_WHAT YOU NEED TO DO_
Repeat the data that follows in full. Do not include the pictures.

[Scraped caption text data]
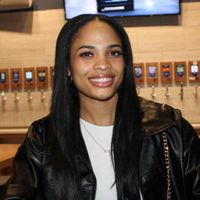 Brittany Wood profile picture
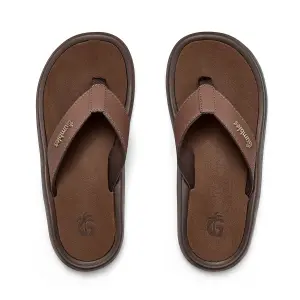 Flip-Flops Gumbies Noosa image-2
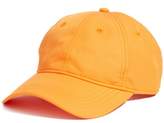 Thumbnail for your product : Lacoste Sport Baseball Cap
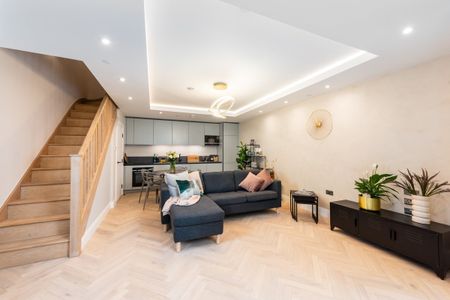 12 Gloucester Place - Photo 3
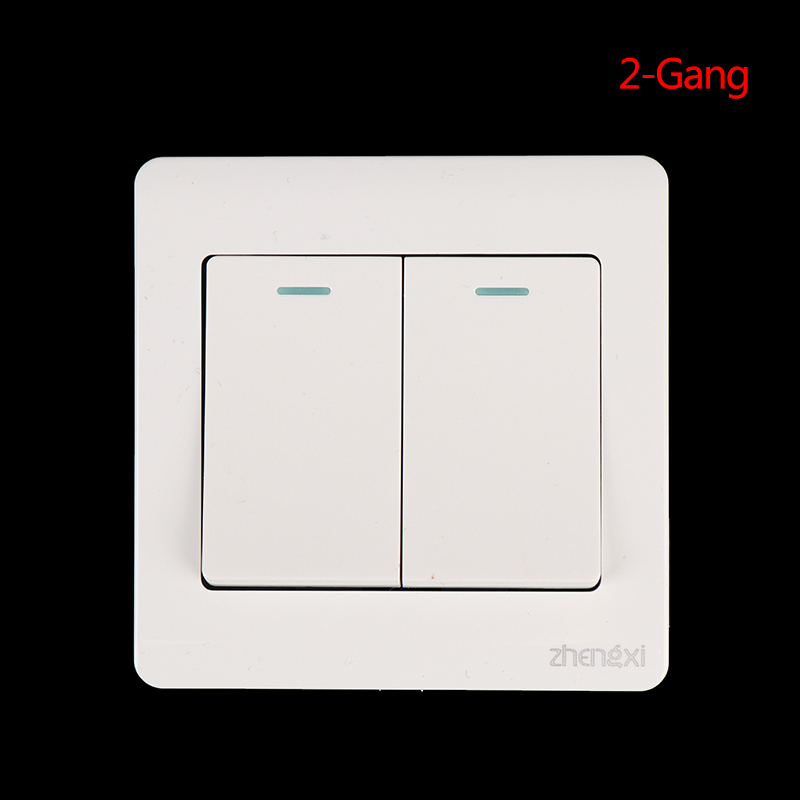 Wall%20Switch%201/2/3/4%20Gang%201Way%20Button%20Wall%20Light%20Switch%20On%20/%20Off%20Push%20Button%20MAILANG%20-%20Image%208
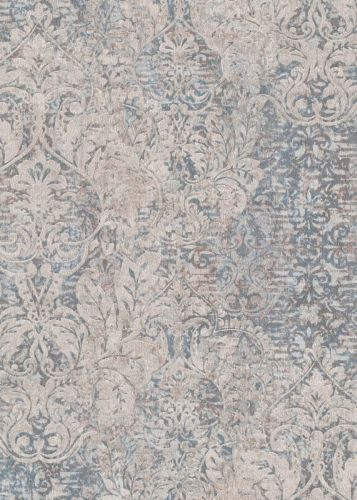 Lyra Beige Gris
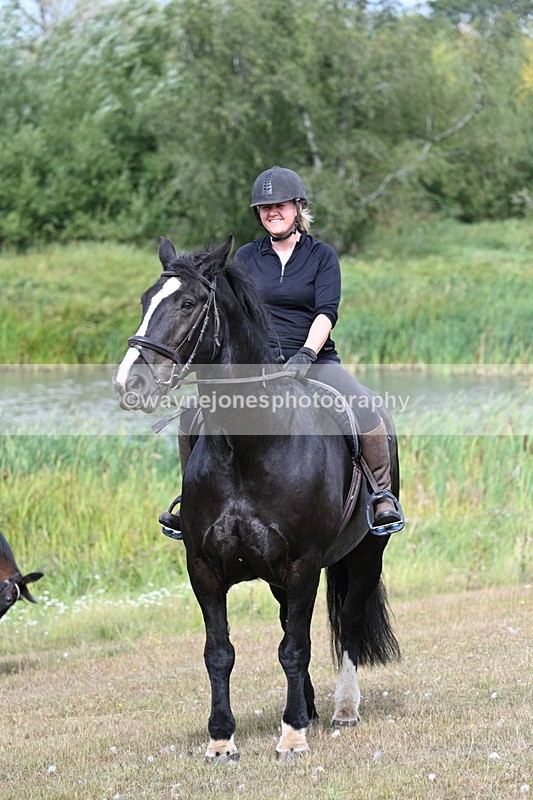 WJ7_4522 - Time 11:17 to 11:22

_WRITTEN SOLUTION_
 Brittany Wood profile picture
 Flip-Flops Gumbies Noosa image-2
 Thumbnail for your product : Lacoste Sport Baseball Cap
 12 Gloucester Place - Photo 3
 Wall%20Switch%201/2/3/4%20Gang%201Way%20Button%20Wall%20Light%20Switch%20On%20/%20Off%20Push%20Button%20MAILANG%20-%20Image%208
 Lyra Beige Gris
 WJ7_4522 - Time 11:17 to 11:22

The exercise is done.